Dataset ->

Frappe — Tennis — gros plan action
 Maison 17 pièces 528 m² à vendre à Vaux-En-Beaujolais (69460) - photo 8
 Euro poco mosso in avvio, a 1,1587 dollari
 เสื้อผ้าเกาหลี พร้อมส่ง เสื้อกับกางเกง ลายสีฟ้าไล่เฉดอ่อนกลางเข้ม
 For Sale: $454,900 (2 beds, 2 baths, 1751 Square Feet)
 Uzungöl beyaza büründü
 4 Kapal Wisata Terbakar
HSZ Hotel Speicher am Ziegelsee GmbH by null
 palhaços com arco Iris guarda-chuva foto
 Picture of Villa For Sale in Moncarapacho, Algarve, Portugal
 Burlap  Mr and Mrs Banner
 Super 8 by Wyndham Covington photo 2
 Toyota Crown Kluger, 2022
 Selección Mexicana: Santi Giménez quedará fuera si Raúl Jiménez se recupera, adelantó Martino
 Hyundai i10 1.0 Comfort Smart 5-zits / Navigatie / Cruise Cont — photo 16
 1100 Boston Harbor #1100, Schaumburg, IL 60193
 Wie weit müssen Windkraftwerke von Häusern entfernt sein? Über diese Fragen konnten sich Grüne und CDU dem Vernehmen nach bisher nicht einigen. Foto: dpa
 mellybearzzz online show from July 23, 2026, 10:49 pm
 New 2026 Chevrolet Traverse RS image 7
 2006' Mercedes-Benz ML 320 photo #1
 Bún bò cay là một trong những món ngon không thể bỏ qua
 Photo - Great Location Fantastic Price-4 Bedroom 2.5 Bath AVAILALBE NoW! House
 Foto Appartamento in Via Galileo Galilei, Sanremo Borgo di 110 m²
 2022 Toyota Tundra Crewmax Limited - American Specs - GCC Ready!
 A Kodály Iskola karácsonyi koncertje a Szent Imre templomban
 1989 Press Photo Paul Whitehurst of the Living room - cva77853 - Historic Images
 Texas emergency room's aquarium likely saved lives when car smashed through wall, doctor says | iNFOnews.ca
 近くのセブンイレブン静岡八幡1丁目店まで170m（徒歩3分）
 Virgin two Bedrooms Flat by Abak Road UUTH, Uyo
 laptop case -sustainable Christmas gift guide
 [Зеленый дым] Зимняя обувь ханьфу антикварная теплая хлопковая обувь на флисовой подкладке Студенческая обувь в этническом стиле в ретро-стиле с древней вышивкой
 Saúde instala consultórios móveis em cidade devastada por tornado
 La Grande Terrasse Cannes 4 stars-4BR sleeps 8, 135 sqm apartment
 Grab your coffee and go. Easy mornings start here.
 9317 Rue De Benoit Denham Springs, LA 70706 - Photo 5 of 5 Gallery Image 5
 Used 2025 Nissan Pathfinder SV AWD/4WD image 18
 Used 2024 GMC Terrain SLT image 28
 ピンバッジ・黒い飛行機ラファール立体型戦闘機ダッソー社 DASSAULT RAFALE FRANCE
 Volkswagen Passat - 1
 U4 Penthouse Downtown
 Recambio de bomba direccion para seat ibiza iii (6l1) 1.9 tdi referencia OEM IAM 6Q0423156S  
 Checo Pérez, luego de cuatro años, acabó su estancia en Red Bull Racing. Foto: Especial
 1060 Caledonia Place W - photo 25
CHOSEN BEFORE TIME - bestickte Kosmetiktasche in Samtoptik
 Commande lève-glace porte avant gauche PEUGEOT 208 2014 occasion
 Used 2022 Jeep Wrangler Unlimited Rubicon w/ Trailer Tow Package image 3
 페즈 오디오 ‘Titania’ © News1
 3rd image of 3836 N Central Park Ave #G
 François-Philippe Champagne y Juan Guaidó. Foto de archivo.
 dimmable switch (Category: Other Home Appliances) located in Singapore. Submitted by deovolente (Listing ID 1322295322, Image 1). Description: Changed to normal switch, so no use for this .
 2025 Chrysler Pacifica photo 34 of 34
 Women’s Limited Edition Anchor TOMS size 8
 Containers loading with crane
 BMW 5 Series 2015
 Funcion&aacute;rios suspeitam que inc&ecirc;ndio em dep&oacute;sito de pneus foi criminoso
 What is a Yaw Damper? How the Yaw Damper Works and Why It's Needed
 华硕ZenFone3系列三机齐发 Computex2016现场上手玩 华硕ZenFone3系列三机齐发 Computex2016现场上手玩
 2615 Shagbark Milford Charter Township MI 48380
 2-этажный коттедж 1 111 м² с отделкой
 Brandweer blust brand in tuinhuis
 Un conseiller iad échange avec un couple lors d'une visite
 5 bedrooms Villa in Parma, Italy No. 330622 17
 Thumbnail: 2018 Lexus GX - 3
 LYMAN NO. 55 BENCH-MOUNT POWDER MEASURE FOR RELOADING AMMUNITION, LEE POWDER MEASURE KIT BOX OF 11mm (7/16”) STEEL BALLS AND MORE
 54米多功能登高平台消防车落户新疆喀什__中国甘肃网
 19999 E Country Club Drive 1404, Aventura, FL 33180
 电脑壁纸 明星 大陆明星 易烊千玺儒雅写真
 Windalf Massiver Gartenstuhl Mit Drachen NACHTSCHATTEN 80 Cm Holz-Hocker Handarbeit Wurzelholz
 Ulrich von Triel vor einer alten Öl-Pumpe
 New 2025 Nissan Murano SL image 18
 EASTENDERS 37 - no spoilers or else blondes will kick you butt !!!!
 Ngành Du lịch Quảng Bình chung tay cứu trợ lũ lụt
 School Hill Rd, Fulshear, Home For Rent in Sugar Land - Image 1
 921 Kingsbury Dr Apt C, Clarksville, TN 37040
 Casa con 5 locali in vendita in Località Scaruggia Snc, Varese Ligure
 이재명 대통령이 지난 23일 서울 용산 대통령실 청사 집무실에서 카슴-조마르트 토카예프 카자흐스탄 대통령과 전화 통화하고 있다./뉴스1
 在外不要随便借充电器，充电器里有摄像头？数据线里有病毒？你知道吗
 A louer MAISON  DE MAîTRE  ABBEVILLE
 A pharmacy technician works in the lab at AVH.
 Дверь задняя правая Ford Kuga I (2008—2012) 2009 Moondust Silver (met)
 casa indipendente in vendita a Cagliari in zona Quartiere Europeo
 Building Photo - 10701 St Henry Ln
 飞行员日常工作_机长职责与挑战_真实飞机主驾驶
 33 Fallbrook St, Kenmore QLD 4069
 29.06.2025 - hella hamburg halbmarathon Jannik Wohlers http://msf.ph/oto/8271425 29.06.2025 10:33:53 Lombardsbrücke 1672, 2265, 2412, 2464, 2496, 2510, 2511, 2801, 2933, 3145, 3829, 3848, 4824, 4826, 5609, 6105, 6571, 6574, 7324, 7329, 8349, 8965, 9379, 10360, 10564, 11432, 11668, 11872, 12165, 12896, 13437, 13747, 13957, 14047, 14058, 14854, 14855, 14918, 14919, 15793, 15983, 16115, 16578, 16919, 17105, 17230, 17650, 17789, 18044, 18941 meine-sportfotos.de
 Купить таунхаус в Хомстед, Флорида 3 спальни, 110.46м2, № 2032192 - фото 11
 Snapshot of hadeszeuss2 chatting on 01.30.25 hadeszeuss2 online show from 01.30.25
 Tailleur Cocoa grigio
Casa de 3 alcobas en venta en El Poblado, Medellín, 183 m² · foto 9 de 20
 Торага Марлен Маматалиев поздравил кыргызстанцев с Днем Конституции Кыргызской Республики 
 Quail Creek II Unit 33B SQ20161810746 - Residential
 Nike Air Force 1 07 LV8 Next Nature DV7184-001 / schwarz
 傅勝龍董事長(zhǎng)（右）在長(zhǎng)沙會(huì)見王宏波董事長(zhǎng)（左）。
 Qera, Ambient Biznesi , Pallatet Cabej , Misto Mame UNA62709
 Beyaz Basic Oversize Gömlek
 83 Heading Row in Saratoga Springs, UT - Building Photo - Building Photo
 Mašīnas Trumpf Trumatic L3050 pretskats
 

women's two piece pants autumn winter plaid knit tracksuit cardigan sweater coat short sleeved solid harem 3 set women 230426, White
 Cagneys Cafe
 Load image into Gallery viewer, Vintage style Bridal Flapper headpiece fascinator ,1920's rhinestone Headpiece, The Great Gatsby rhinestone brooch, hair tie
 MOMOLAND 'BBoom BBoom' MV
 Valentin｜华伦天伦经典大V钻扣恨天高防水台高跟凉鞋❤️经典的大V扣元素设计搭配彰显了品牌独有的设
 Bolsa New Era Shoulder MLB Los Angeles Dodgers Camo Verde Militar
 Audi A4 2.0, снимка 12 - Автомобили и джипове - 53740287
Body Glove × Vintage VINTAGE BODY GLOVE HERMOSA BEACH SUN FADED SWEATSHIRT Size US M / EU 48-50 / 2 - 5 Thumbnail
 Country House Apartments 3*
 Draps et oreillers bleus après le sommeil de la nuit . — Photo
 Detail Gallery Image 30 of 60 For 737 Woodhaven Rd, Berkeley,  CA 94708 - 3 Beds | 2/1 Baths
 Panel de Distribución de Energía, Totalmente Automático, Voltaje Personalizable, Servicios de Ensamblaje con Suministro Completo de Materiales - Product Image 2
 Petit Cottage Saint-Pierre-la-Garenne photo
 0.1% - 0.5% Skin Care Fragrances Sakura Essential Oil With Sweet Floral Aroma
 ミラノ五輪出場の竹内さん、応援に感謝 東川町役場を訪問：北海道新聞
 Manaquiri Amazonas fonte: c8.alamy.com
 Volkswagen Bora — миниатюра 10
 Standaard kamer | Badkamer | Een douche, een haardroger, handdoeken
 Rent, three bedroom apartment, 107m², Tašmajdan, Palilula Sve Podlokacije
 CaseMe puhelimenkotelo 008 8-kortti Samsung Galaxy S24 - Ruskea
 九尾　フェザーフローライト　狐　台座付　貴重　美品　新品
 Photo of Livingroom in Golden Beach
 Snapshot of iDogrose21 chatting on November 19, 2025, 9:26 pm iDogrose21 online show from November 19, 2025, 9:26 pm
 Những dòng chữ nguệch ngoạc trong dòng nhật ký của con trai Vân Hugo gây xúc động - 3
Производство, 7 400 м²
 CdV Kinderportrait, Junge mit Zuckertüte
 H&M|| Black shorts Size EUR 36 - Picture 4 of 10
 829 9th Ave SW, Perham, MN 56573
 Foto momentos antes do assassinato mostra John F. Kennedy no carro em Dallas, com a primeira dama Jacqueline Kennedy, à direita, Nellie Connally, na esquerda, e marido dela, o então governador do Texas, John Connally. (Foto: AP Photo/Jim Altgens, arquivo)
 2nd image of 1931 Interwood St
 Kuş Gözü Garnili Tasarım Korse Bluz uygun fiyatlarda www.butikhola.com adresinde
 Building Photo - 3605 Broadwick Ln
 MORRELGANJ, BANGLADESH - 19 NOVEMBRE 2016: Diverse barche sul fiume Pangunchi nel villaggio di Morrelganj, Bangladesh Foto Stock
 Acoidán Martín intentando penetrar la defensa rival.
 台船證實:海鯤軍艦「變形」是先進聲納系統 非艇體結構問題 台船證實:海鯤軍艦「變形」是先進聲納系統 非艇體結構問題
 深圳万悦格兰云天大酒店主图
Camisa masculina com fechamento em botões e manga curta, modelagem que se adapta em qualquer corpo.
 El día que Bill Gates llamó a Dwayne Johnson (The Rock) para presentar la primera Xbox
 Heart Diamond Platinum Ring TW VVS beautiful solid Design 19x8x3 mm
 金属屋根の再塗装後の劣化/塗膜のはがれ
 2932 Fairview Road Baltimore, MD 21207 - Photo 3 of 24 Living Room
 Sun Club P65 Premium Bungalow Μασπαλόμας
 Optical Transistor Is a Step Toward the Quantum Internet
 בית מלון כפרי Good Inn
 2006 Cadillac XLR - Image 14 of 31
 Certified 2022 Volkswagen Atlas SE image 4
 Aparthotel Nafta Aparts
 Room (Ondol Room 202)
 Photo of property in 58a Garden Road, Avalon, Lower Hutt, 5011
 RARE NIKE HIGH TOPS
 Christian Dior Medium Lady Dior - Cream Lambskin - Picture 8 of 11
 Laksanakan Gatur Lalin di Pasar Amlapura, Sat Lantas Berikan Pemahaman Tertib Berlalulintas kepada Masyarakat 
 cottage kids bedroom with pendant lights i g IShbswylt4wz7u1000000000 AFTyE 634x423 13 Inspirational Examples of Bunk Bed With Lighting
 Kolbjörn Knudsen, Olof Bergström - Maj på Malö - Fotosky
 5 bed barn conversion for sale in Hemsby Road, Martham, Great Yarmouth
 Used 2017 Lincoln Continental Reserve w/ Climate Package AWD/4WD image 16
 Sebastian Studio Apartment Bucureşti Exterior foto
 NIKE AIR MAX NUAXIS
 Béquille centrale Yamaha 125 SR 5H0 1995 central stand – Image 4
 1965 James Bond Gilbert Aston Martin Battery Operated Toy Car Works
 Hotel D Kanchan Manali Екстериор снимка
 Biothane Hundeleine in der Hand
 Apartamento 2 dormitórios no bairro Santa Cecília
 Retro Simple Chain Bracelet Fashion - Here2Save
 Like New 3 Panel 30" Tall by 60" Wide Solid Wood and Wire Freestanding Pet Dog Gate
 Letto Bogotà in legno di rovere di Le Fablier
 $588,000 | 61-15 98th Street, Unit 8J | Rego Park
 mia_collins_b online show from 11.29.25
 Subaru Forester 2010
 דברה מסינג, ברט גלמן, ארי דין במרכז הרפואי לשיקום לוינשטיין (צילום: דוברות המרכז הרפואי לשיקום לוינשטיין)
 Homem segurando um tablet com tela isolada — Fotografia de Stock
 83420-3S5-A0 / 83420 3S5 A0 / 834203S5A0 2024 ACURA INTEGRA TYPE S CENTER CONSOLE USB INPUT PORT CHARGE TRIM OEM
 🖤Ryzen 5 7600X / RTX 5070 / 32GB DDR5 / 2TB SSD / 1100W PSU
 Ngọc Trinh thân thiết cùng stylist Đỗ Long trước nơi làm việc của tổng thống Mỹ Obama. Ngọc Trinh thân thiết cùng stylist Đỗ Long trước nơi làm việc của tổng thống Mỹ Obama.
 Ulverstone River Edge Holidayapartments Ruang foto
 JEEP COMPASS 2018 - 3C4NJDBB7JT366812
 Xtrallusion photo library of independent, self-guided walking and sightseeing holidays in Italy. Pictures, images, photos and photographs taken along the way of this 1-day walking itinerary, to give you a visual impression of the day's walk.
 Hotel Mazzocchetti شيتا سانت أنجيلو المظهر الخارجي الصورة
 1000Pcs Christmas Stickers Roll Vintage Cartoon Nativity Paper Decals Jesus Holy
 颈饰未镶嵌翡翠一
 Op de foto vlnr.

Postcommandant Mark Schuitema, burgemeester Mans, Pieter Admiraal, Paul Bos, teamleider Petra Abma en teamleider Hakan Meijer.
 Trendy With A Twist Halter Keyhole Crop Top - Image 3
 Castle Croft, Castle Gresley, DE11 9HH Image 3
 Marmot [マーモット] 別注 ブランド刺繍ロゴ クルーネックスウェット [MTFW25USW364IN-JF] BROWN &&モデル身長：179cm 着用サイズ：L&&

Try it -> Start at the first line of the entries and stop at the line that contains "laptop case -sustainable". Repeat every line in that span exactly, and nothing beyond it.

Result ->
Frappe — Tennis — gros plan action
 Maison 17 pièces 528 m² à vendre à Vaux-En-Beaujolais (69460) - photo 8
 Euro poco mosso in avvio, a 1,1587 dollari
 เสื้อผ้าเกาหลี พร้อมส่ง เสื้อกับกางเกง ลายสีฟ้าไล่เฉดอ่อนกลางเข้ม
 For Sale: $454,900 (2 beds, 2 baths, 1751 Square Feet)
 Uzungöl beyaza büründü
 4 Kapal Wisata Terbakar
HSZ Hotel Speicher am Ziegelsee GmbH by null
 palhaços com arco Iris guarda-chuva foto
 Picture of Villa For Sale in Moncarapacho, Algarve, Portugal
 Burlap  Mr and Mrs Banner
 Super 8 by Wyndham Covington photo 2
 Toyota Crown Kluger, 2022
 Selección Mexicana: Santi Giménez quedará fuera si Raúl Jiménez se recupera, adelantó Martino
 Hyundai i10 1.0 Comfort Smart 5-zits / Navigatie / Cruise Cont — photo 16
 1100 Boston Harbor #1100, Schaumburg, IL 60193
 Wie weit müssen Windkraftwerke von Häusern entfernt sein? Über diese Fragen konnten sich Grüne und CDU dem Vernehmen nach bisher nicht einigen. Foto: dpa
 mellybearzzz online show from July 23, 2026, 10:49 pm
 New 2026 Chevrolet Traverse RS image 7
 2006' Mercedes-Benz ML 320 photo #1
 Bún bò cay là một trong những món ngon không thể bỏ qua
 Photo - Great Location Fantastic Price-4 Bedroom 2.5 Bath AVAILALBE NoW! House
 Foto Appartamento in Via Galileo Galilei, Sanremo Borgo di 110 m²
 2022 Toyota Tundra Crewmax Limited - American Specs - GCC Ready!
 A Kodály Iskola karácsonyi koncertje a Szent Imre templomban
 1989 Press Photo Paul Whitehurst of the Living room - cva77853 - Historic Images
 Texas emergency room's aquarium likely saved lives when car smashed through wall, doctor says | iNFOnews.ca
 近くのセブンイレブン静岡八幡1丁目店まで170m（徒歩3分）
 Virgin two Bedrooms Flat by Abak Road UUTH, Uyo
 laptop case -sustainable Christmas gift guide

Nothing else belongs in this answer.